## The problem
All of the data must be written out verbatim, with pictures excluded.

## Data section
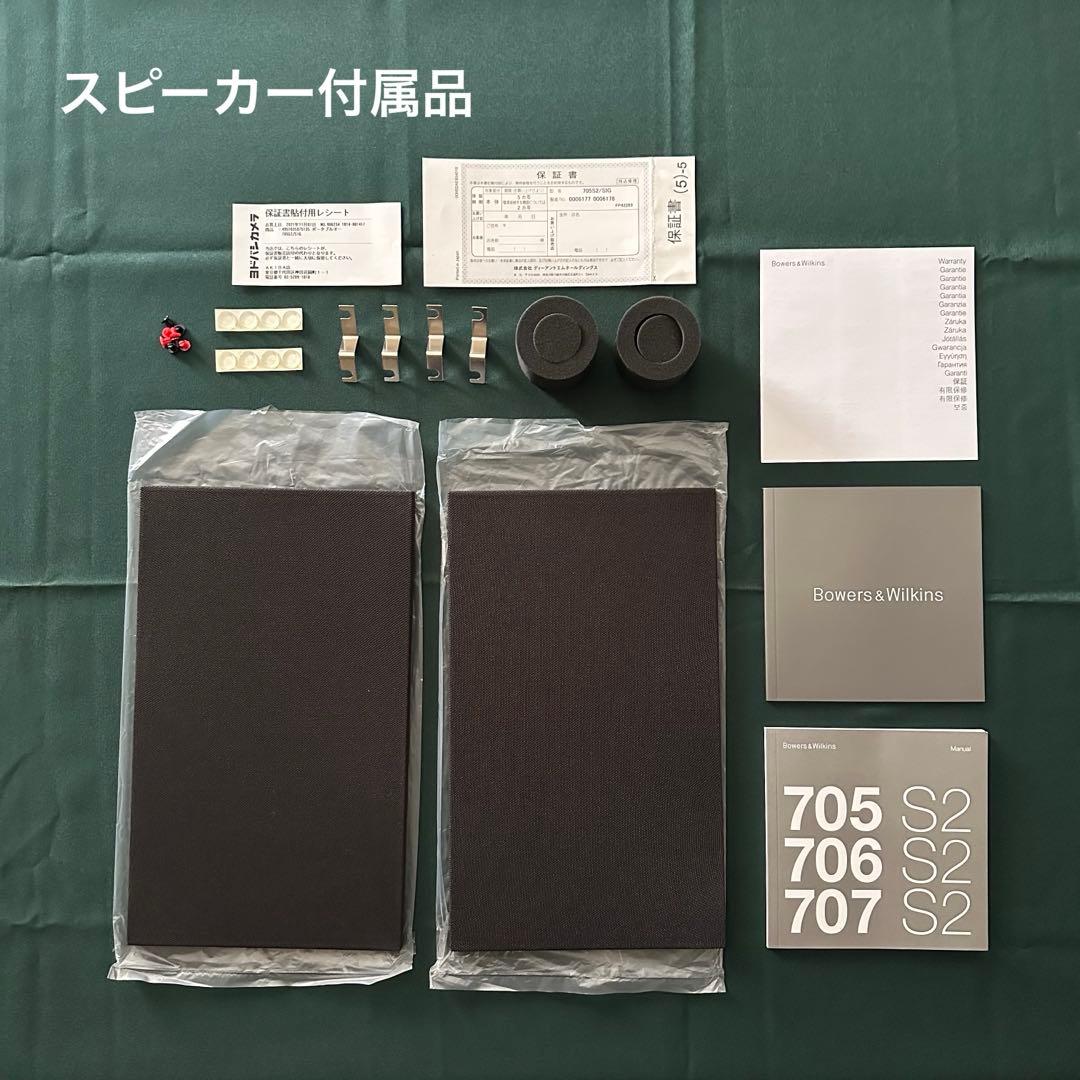 B&W 705S2 Signature （純正スピーカースタンドは別売り）
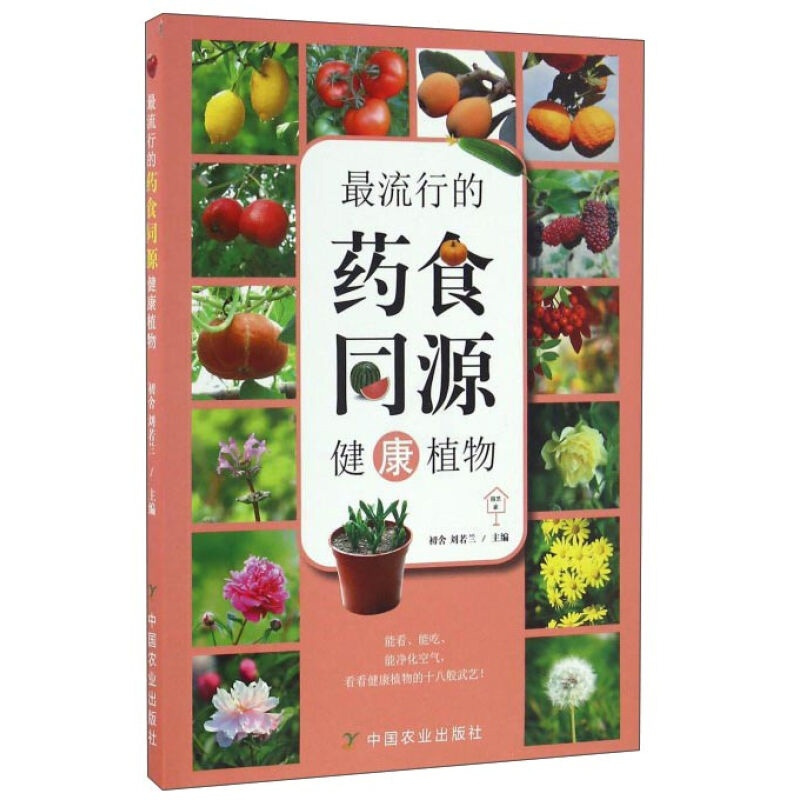 [正版]邮 流行的药食同源 健康植物 彩图版 能看能吃能净化客气 看健康植物的十八般武艺 生活类图书 园艺家庭系列丛书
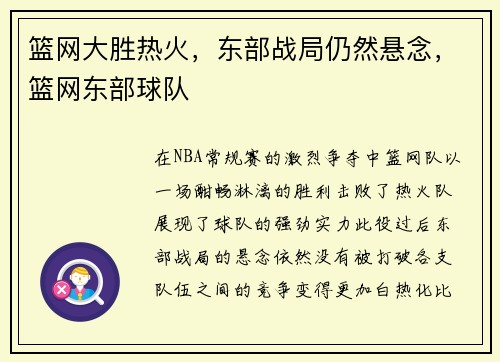 篮网大胜热火，东部战局仍然悬念，篮网东部球队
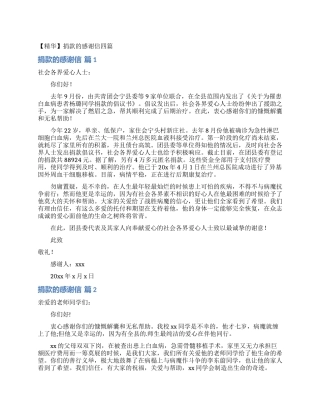 捐款的感谢信四篇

## Answer for this exercise
 B&W 705S2 Signature （純正スピーカースタンドは別売り）
 [正版]邮 流行的药食同源 健康植物 彩图版 能看能吃能净化客气 看健康植物的十八般武艺 生活类图书 园艺家庭系列丛书
 篮网大胜热火，东部战局仍然悬念，篮网东部球队
 捐款的感谢信四篇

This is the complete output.